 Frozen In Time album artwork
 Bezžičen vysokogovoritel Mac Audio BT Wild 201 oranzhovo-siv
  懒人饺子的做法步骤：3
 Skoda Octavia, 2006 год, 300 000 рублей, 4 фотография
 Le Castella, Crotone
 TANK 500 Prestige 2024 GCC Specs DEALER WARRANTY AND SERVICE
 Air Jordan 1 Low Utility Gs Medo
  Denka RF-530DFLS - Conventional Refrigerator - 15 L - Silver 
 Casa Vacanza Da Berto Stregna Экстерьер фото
--
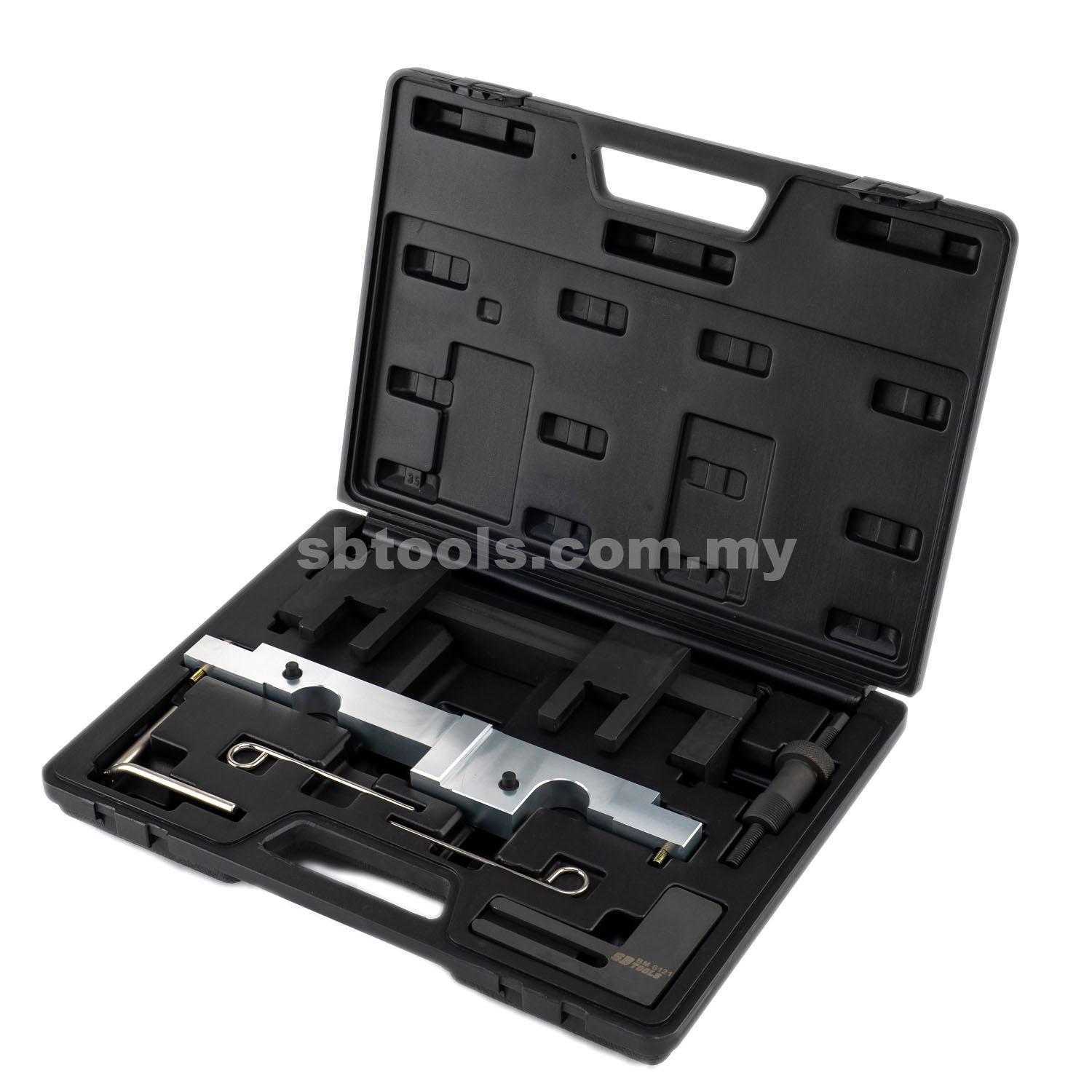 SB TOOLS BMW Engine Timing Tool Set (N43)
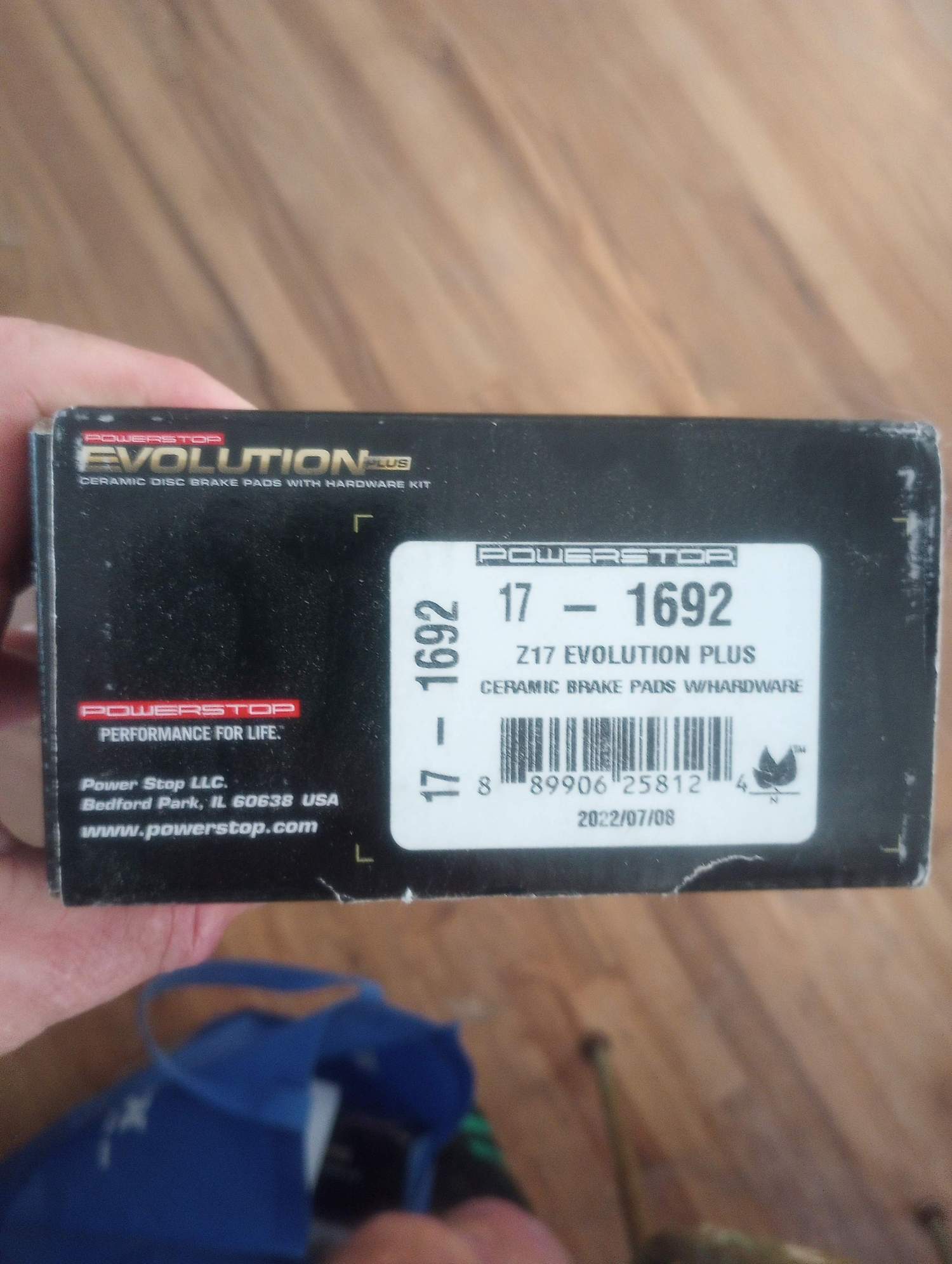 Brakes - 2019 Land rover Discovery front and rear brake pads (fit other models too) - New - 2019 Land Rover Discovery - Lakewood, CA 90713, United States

**Work request**
Retype exactly the span of lines from the one with "Frozen In Time album artwork" through the one with "Air Jordan 1 Low Utility Gs Medo"; include both ends and omit the rest of the material.

**Final answer**
 Frozen In Time album artwork
 Bezžičen vysokogovoritel Mac Audio BT Wild 201 oranzhovo-siv
  懒人饺子的做法步骤：3
 Skoda Octavia, 2006 год, 300 000 рублей, 4 фотография
 Le Castella, Crotone
 TANK 500 Prestige 2024 GCC Specs DEALER WARRANTY AND SERVICE
 Air Jordan 1 Low Utility Gs Medo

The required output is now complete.